Petrol pump filling nozzleSome concerns have been raised recently about the use of ethyl alcohol, or ethanol, in petrol.  The product added to petrol may also be called bio-ethanol to link its use with non-fossil derived or renewable buo-fuels.  Bio-ethanol has been used at times over the decades, but its recent use is linked to EU directives to increase the proportion of automotive fuel derived from renewable sources, in order to reduce carbon dioxide (CO2) emissions.

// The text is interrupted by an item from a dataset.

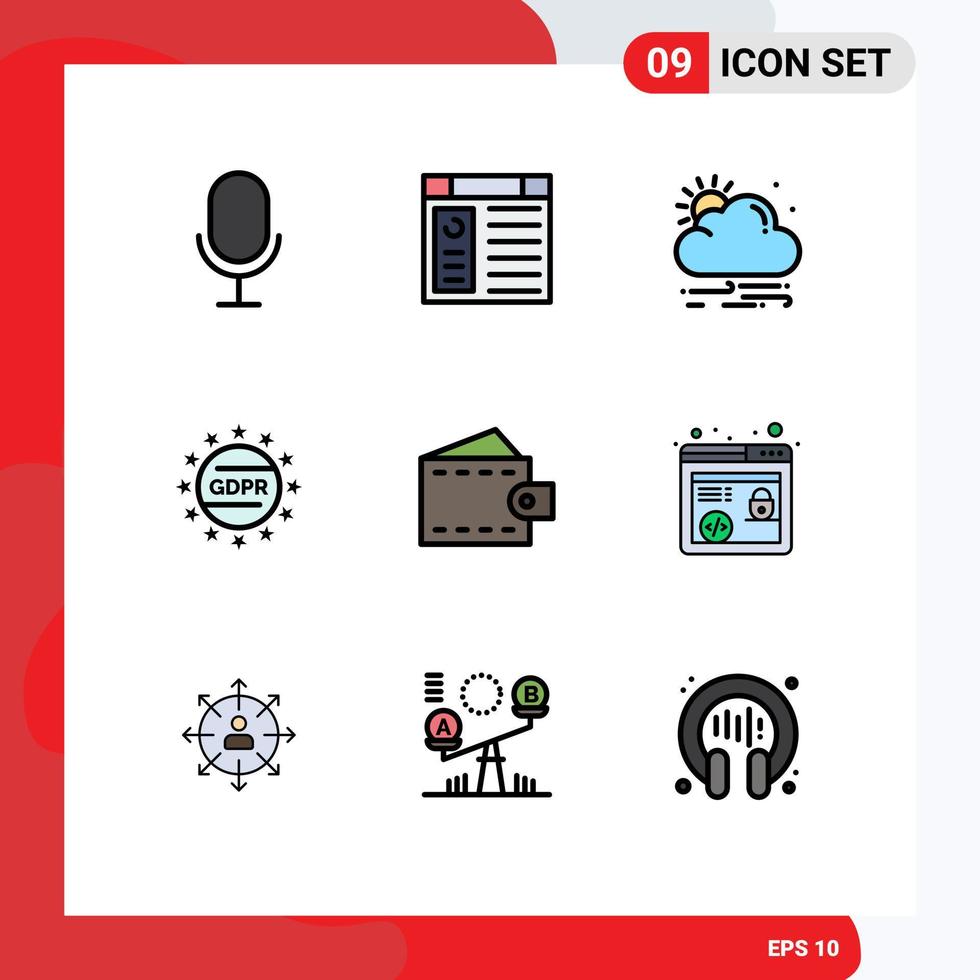 grupp av 9 fylld linje platt färger tecken och symboler för plånbok mode Sol Tillbehör Integritet redigerbar vektor design element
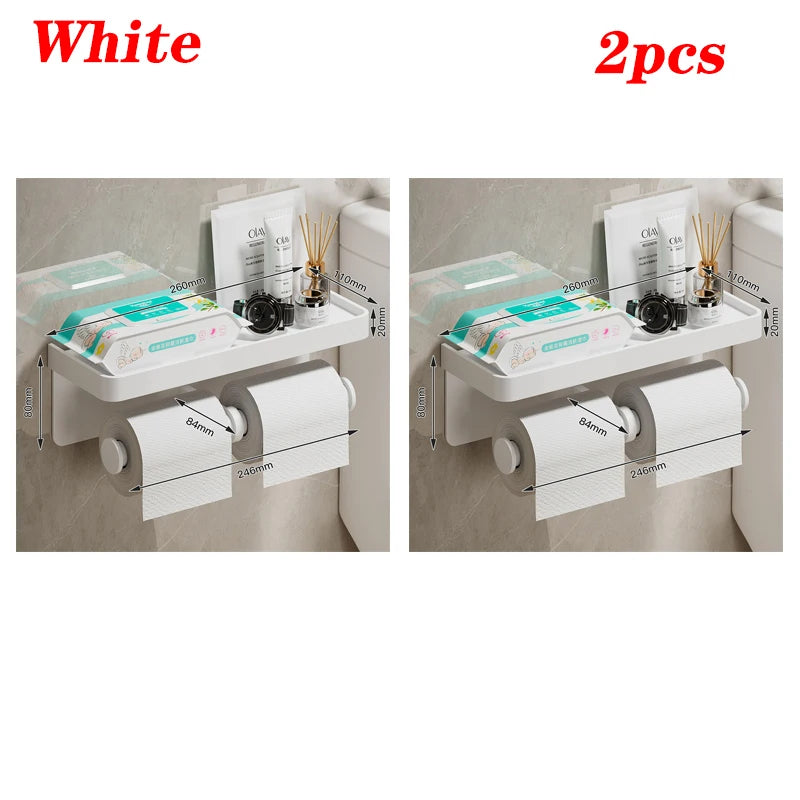 porte serviettes moderne porte papier toilette étagère rangement aluminium gris salle bain adhésif minimaliste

Ethanol has been blended into petrol in recent years by, among others, Tesco, who use it in their premium 99 octane unleaded petrol blend.  Ethanol has a very high octane quality, and so is a valuable blending component for use in the production of high octane unleaded petrol.  Its use in this application is limited to 5% volume and is acknowledged by a label on the pump according to the Tesco help line, although this may not always be the case.  Although the EU is believed to be considering the mandatory use of bio-ethanol in petrol in the future, at present it is to be hoped that classic vehicle owners would not encounter the blended product without some form of pump marking.  If any owners have concerns over using petrol containing 5% ethanol, it would be useful to check fuel before purchase by inspecting pump labels.

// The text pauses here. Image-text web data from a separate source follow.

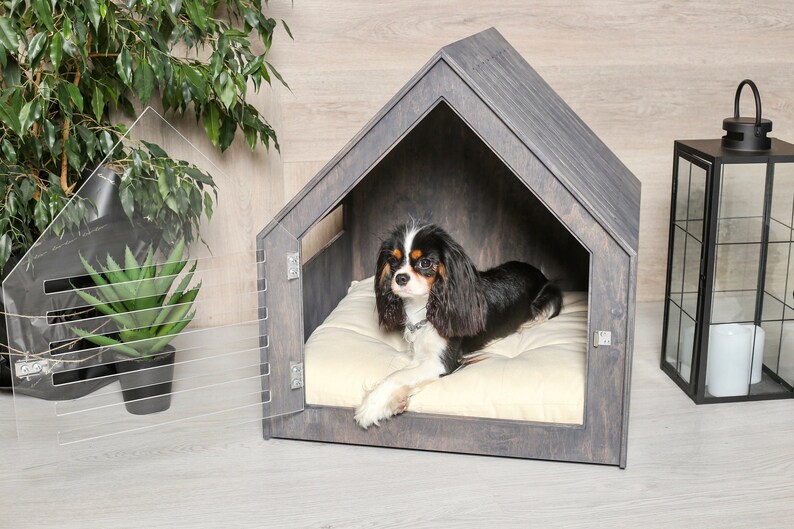 Modern dog and cat house with acrylic door PetSo. Dog crate, dog kennel, dog crate furniture, dog bed, indoor dog house, cat bed. image 2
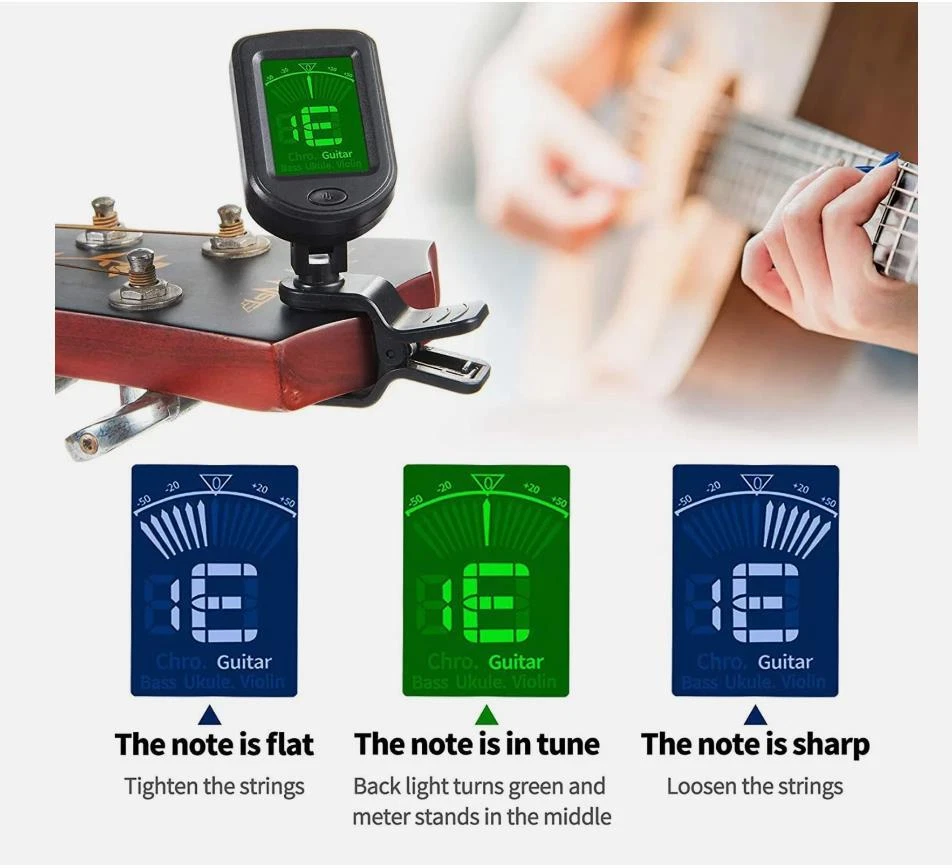 Clip-On LCD Digital Tuner for Guitar Bass Violin Ukulele Chromatic AT-01A
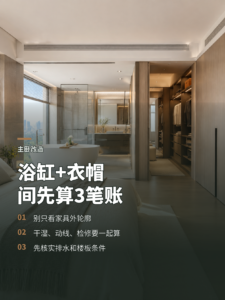 主卧同时放浴缸和衣帽间，先算清这几个尺寸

Concerns expressed have centred on possible water contamination, degradation of plastic and rubber seals and possible negative effects on foams used in racing tanks to prevent fuel fires and explosions.  The position on these issues is not straightforward and is still being investigated in order to establish an accurate understanding.  Also, as the proportion of ethanol in the blend is increased, so any difficulties are more likely to become apparent.

Although the 5% ethanol blend can give higher octane quality, volatility is also likely to be higher for this blend of fuel.  Some owners are already troubled by driving problems associated with high volatility (vapour lock, fuel starvation, bad hot starting etc. in hot weather), so using a 5% ethanol blend could make such problems worse.

The following report gives a more detailed picture of the likely effects of the use of ethanol-petrol blend fuel.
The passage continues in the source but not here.